One major snag; however, is James. The blandsome leading man plays George as a stoic and exhausted caretaker, who lumbers from one task to the next with all the energy of a dying turtle. He is greyer and duller than any of the film’s sets, and essentially fades into the background anytime one of George’s robots are around. To be fair, their performances are pretty spectacular.
Martin pulls double-duty playing George’s wife in flashbacks, then her AI reconstruction in the present. Like Alicia Vikander in Ex Machina, her beauty is partially obscured through robotic panels. Yet Rothery doesn’t lose the details of her visage or physicality, making simple moments sing and sting. One such instance is when J3 meets her oldest sister J1. The puttering bot has strong legs but no arms, so when J3 instinctively reaches out to shake hands, it’s awkward. Martin’s jolted motion and stunned expression relay this without a human blush. Remarkably, J1’s limited shuffle and irked chirps express her own frustration. Then James numbly mutters some half-hearted promise about building her arms…someday.
Things get a little lazy when Rothery relies heavily on a pop music soundtrack to carry emotion through uninspired montages, including a dance number that feels like a pale imitation of Ex Machina’s “disco non-sequitur” (to quote Oscar Isaac). Then as J3 transitions from bot to “real girl,” there’s an awkward phase where she looks like a cheap cosplay, all painted white with a cheap white wig. The irony is the strongest performance is when the actor’s face is never seen.
Speaking in a robotic tremble with an English lilt, J2 is the heart and soul of Archive. She’s introduced as George’s lab assistant and sidekick. He treats her with the stern direction a military father might address a daughter, but her intense jealousy of J3 suggests this robo-girl has crush on her “dad.” She went from being his special girl to his discarded project. So, she petulantly sabotages things for some attention. She begs for him to improve her so she can be loved again. She has no mouth or no eyes. And yet she evoked the greatest empathy, with a downcast head, a shocked stumble, or a wounded plea.
The inhumanity of this demotion cuts deeper than George’s grief, which seems to be by design. To run from his pain, George chucks himself into work and into reclaiming what he lost. In doing so, he loses site of what he has. He becomes less human than androids he has built. From a sci-fi angle, that’s great stuff. However, James, who also produced this pic, doesn’t have the charged screen presence to pull off such a muted role. So, rather than being riveted by the whole, I was bored for all the George bits.
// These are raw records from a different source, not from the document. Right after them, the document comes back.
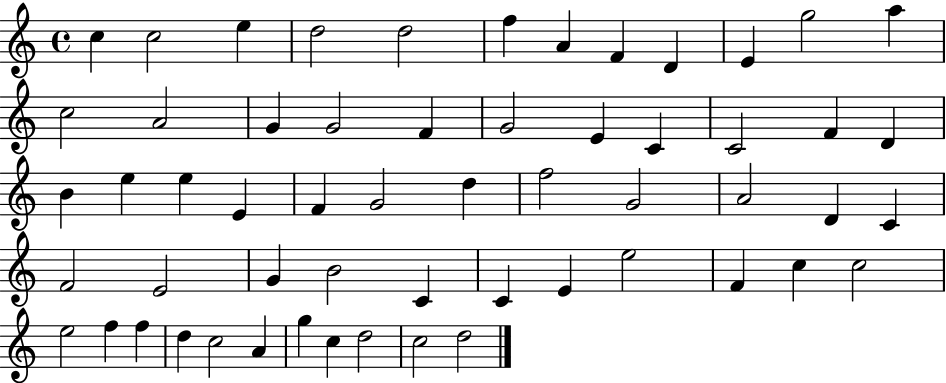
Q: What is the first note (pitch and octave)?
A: C5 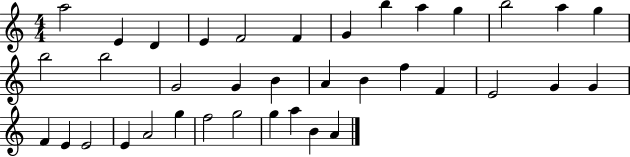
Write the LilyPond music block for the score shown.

{
  \clef treble
  \numericTimeSignature
  \time 4/4
  \key c \major
  a''2 e'4 d'4 | e'4 f'2 f'4 | g'4 b''4 a''4 g''4 | b''2 a''4 g''4 | \break b''2 b''2 | g'2 g'4 b'4 | a'4 b'4 f''4 f'4 | e'2 g'4 g'4 | \break f'4 e'4 e'2 | e'4 a'2 g''4 | f''2 g''2 | g''4 a''4 b'4 a'4 | \break \bar "|."
} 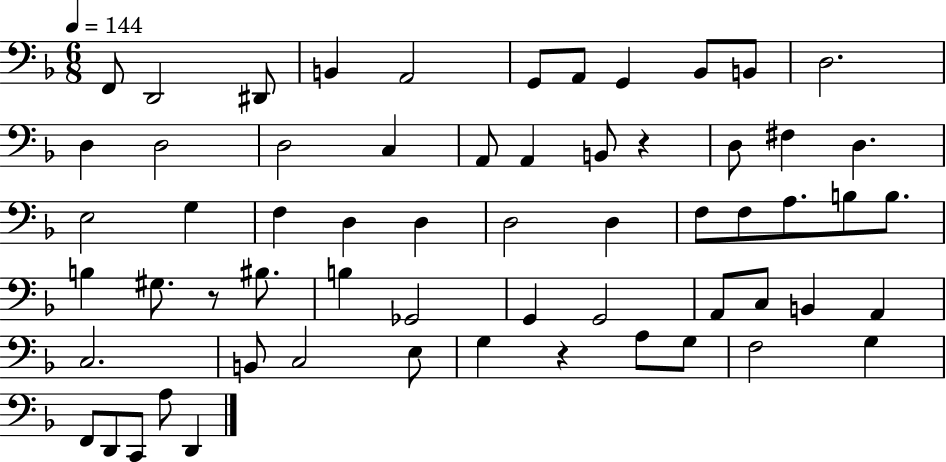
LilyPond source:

{
  \clef bass
  \numericTimeSignature
  \time 6/8
  \key f \major
  \tempo 4 = 144
  f,8 d,2 dis,8 | b,4 a,2 | g,8 a,8 g,4 bes,8 b,8 | d2. | \break d4 d2 | d2 c4 | a,8 a,4 b,8 r4 | d8 fis4 d4. | \break e2 g4 | f4 d4 d4 | d2 d4 | f8 f8 a8. b8 b8. | \break b4 gis8. r8 bis8. | b4 ges,2 | g,4 g,2 | a,8 c8 b,4 a,4 | \break c2. | b,8 c2 e8 | g4 r4 a8 g8 | f2 g4 | \break f,8 d,8 c,8 a8 d,4 | \bar "|."
} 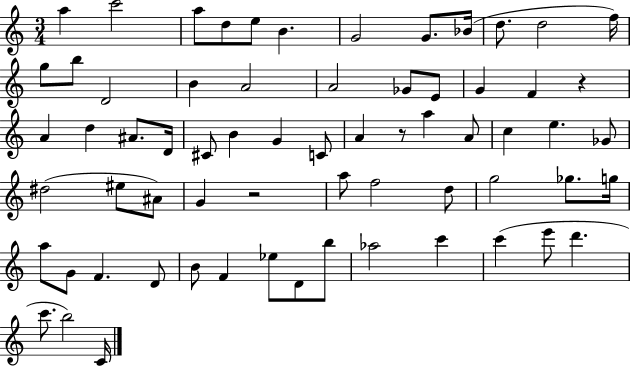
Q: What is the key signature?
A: C major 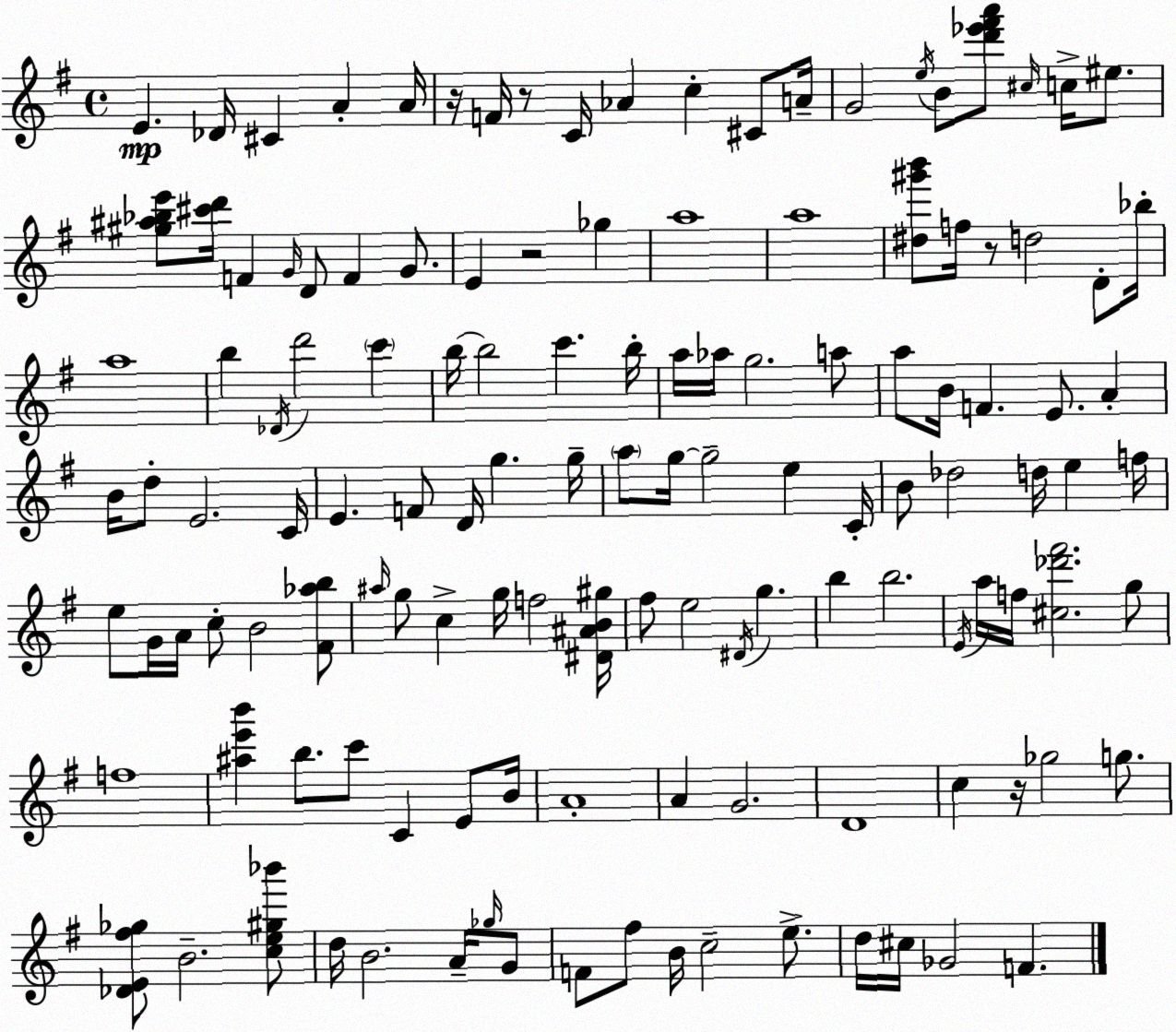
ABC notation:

X:1
T:Untitled
M:4/4
L:1/4
K:G
E _D/4 ^C A A/4 z/4 F/4 z/2 C/4 _A c ^C/2 A/4 G2 e/4 B/2 [d'_e'^f'a']/2 ^c/4 c/4 ^e/2 [^g^a_be']/2 [^c'd']/4 F G/4 D/2 F G/2 E z2 _g a4 a4 [^d^g'b']/2 f/4 z/2 d2 D/2 _b/4 a4 b _D/4 d'2 c' b/4 b2 c' b/4 a/4 _a/4 g2 a/2 a/2 B/4 F E/2 A B/4 d/2 E2 C/4 E F/2 D/4 g g/4 a/2 g/4 g2 e C/4 B/2 _d2 d/4 e f/4 e/2 G/4 A/4 c/2 B2 [^F_ab]/2 ^a/4 g/2 c g/4 f2 [^D^AB^g]/4 ^f/2 e2 ^D/4 g b b2 E/4 a/4 f/4 [^c_d'^f']2 g/2 f4 [^ae'b'] b/2 c'/2 C E/2 B/4 A4 A G2 D4 c z/4 _g2 g/2 [_DE^f_g]/2 B2 [ce^g_b']/2 d/4 B2 A/4 _g/4 G/2 F/2 ^f/2 B/4 c2 e/2 d/4 ^c/4 _G2 F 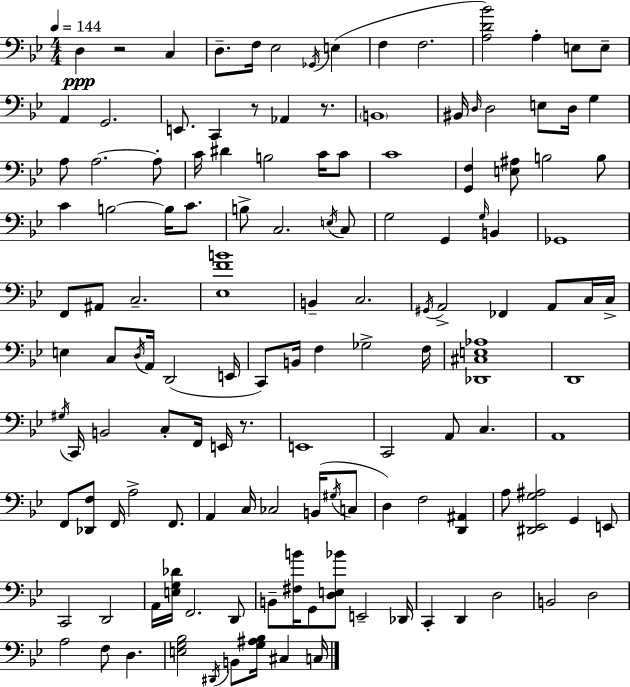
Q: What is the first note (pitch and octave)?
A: D3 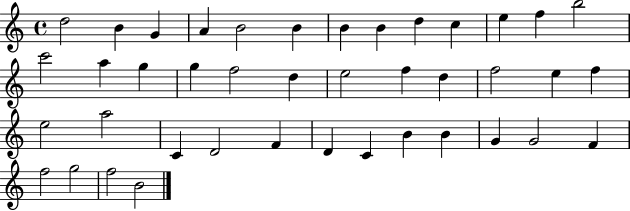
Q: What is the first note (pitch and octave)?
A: D5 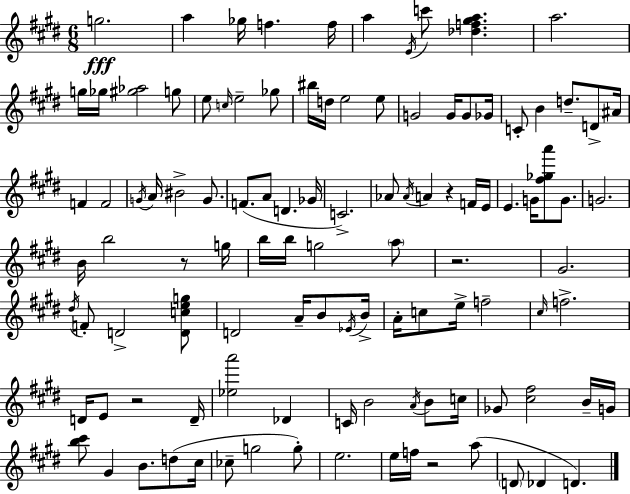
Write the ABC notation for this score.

X:1
T:Untitled
M:6/8
L:1/4
K:E
g2 a _g/4 f f/4 a E/4 c'/2 [_df^ga] a2 g/4 _g/4 [^g_a]2 g/2 e/2 c/4 e2 _g/2 ^b/4 d/4 e2 e/2 G2 G/4 G/2 _G/4 C/2 B d/2 D/2 ^A/4 F F2 G/4 A/4 ^B2 G/2 F/2 A/2 D _G/4 C2 _A/2 _A/4 A z F/4 E/4 E G/4 [^f_ga']/2 G/2 G2 B/4 b2 z/2 g/4 b/4 b/4 g2 a/2 z2 ^G2 ^d/4 F/2 D2 [Dceg]/2 D2 A/4 B/2 _E/4 B/4 A/4 c/2 e/4 f2 ^c/4 f2 D/4 E/2 z2 D/4 [_ea']2 _D C/4 B2 A/4 B/2 c/4 _G/2 [^c^f]2 B/4 G/4 [b^c']/2 ^G B/2 d/2 ^c/4 _c/2 g2 g/2 e2 e/4 f/4 z2 a/2 D/2 _D D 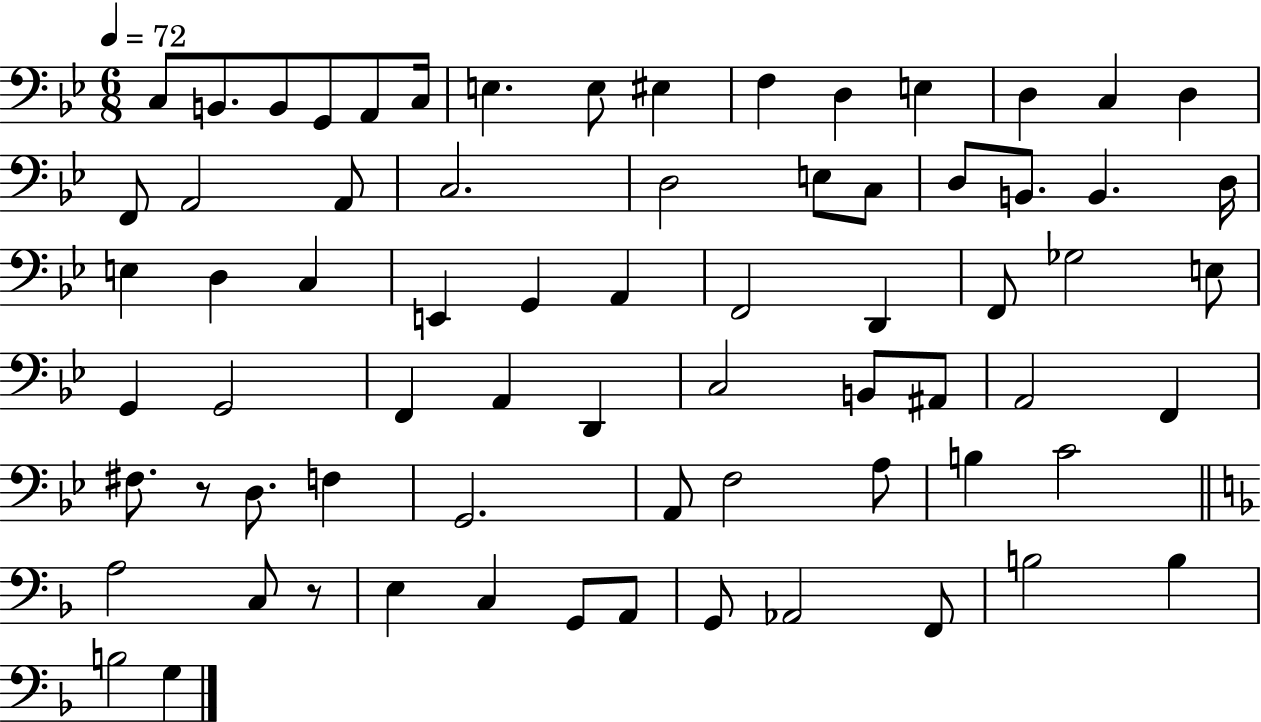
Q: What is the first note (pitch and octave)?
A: C3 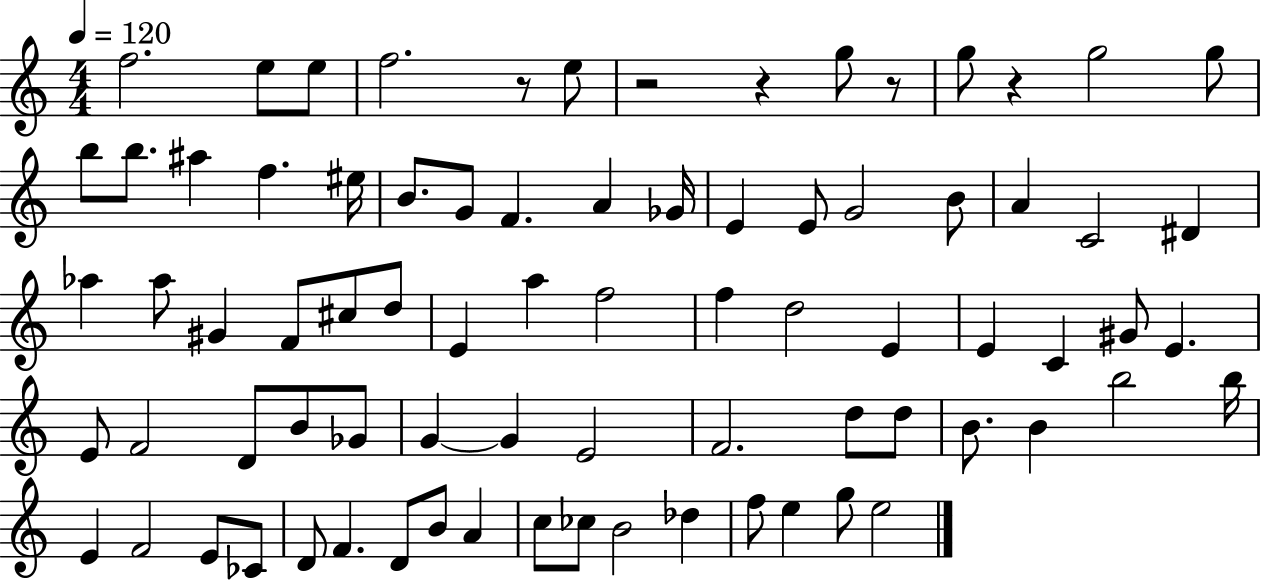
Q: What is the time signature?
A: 4/4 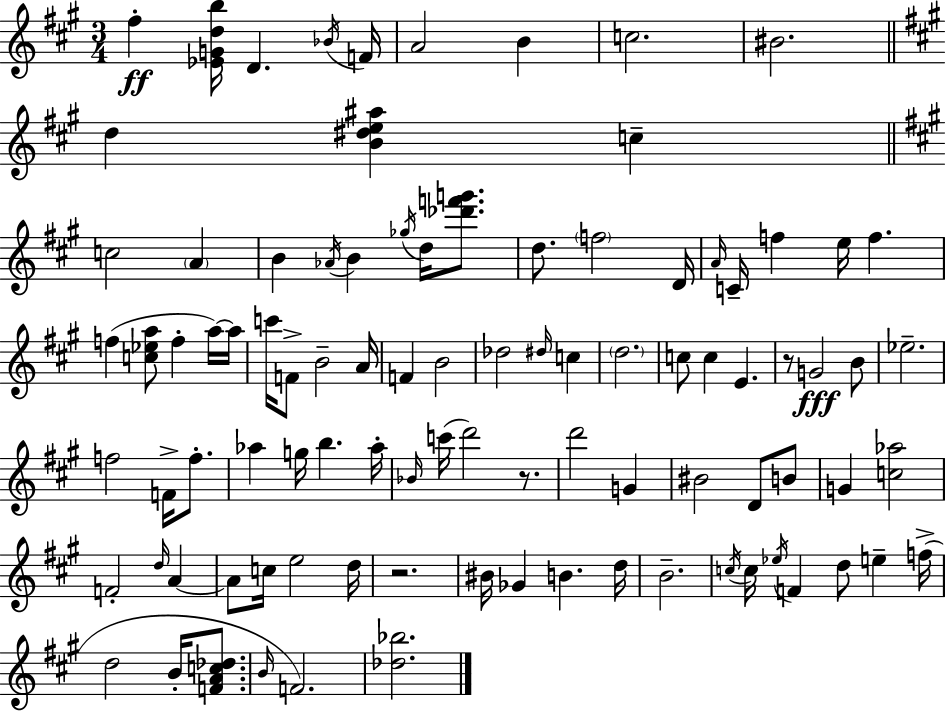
F#5/q [Eb4,G4,D5,B5]/s D4/q. Bb4/s F4/s A4/h B4/q C5/h. BIS4/h. D5/q [B4,D#5,E5,A#5]/q C5/q C5/h A4/q B4/q Ab4/s B4/q Gb5/s D5/s [Db6,F6,G6]/e. D5/e. F5/h D4/s A4/s C4/s F5/q E5/s F5/q. F5/q [C5,Eb5,A5]/e F5/q A5/s A5/s C6/s F4/e B4/h A4/s F4/q B4/h Db5/h D#5/s C5/q D5/h. C5/e C5/q E4/q. R/e G4/h B4/e Eb5/h. F5/h F4/s F5/e. Ab5/q G5/s B5/q. Ab5/s Bb4/s C6/s D6/h R/e. D6/h G4/q BIS4/h D4/e B4/e G4/q [C5,Ab5]/h F4/h D5/s A4/q A4/e C5/s E5/h D5/s R/h. BIS4/s Gb4/q B4/q. D5/s B4/h. C5/s C5/s Eb5/s F4/q D5/e E5/q F5/s D5/h B4/s [F4,A4,C5,Db5]/e. B4/s F4/h. [Db5,Bb5]/h. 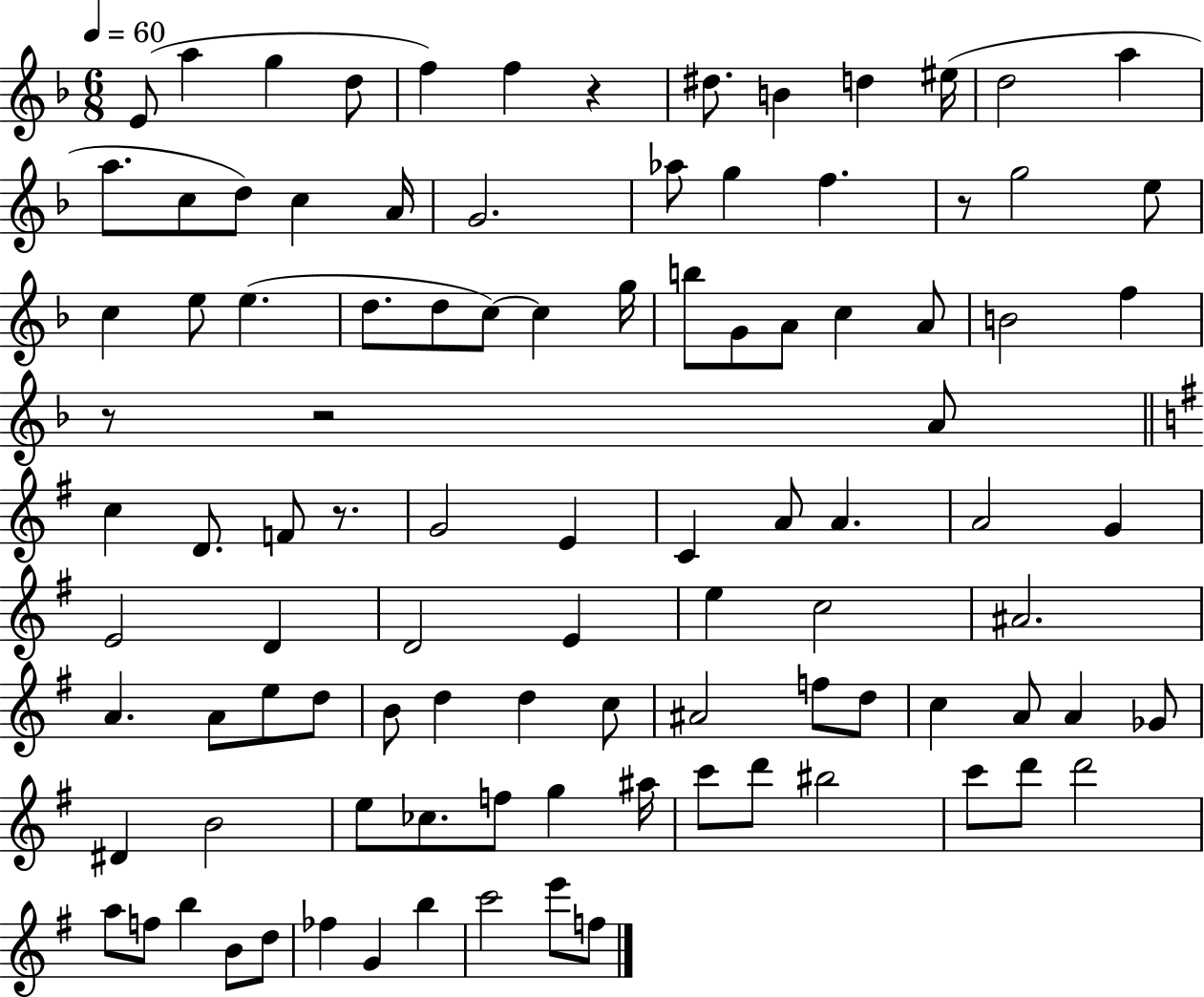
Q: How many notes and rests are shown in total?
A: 100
Archive is at its best when it leans into its machines and away from its lackluster leading man. There, Rothery finds something fresh amid his allusions and tropes. There lies grace, wonder, and a glorious agony. And all of this—for better and worse—leads to a finale that is at first frustrating, then flummoxing, then pretty damn fantastic.
Archive opens in Virtual Cinema Screenings, On Demand and digital on July 10.